What is Cloud Computing?
Why Interviewers Ask This
This question tests conceptual clarity. Interviewers want to hear a precise, confident definition before moving to more complex AWS / Cloud Computing topics. It also reveals how well you can explain technical ideas to non-experts.
Answer
Cloud computing is the delivery of computing services — servers, storage, databases, networking, software, analytics, and intelligence — over the internet ("the cloud") to offer faster innovation, flexible resources, and economies of scale. Instead of owning and maintaining physical data centers and servers, you access technology services on an as-needed basis from a cloud provider and pay only for what you use.
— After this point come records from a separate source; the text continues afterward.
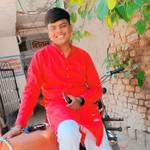 Shriraj Lagad's photo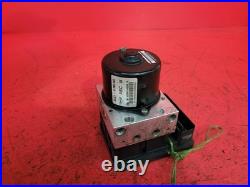 Mini Bmw Mk1 2004 Abs Pump Modulator 1.4l Diesel W17 1nd 34512460458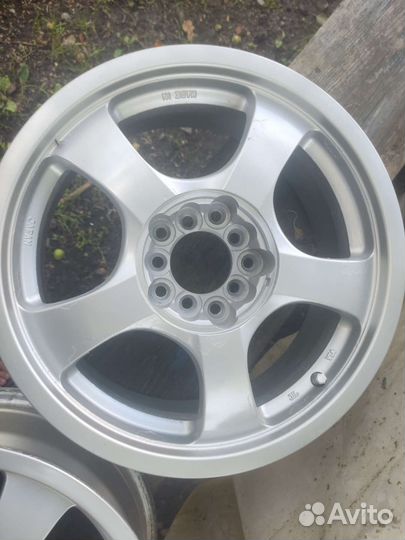 Диски 5 114 3 r16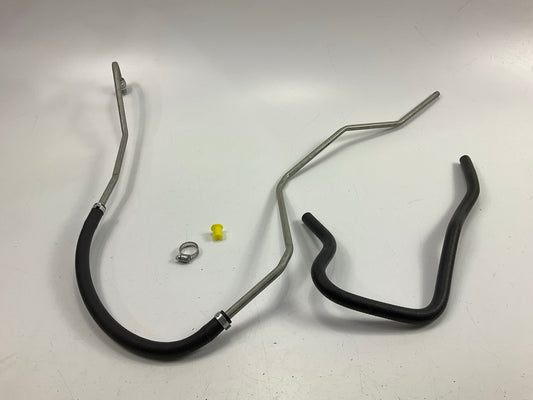 Edelmann 91882 Power Steering Return Hose Line
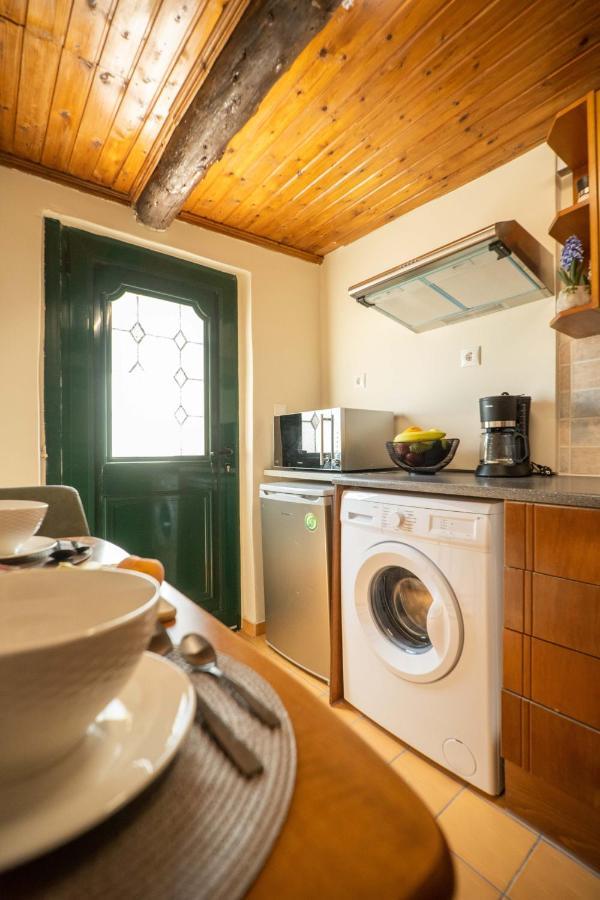 Kolymbos House Kefalas 외부 사진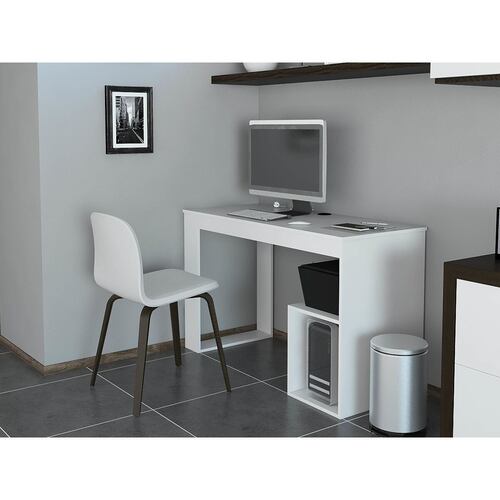 Escritorio Astana Blanco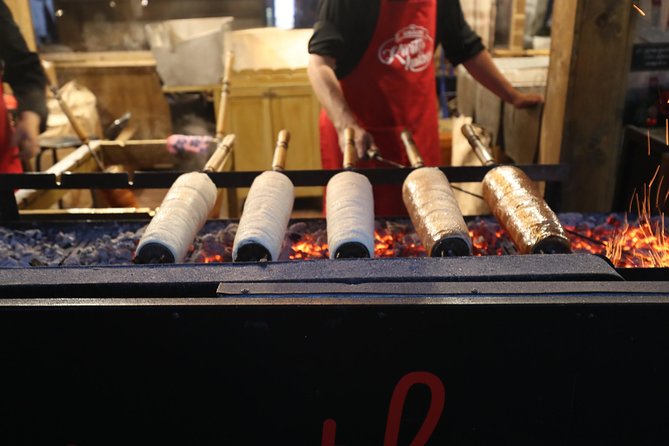 Budapest Christmas Market Tour - Frequently Asked Questions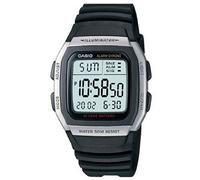Casio Reloj para Hombre W-96H-1AVES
Key characteristics (NIST definition): (1) On-demand self-service: provision resources without human interaction with the provider; (2) Broad network access: available over the network via standard mechanisms; (3) Resource pooling: provider serves multiple customers using a multi-tenant model; (4) Rapid elasticity: scale up or down quickly and automatically; (5) Measured service: pay for what you use (metering). Service models: IaaS (Infrastructure as a Service — EC2), PaaS (Platform as a Service — Elastic Beanstalk, Heroku), SaaS (Software as a Service — Gmail, Salesforce). Deployment models: Public cloud (AWS, Azure, GCP), Private cloud (on-premises), Hybrid cloud (both), Multi-cloud (multiple public providers). Major providers: Amazon Web Services (AWS — market leader ~33%), Microsoft Azure (~22%), Google Cloud Platform (~10%), Alibaba Cloud.
Common Mistake
A common mistake is memorizing definitions without understanding implications. When asked this question, go one level deeper — explain what happens when this concept is misused or ignored.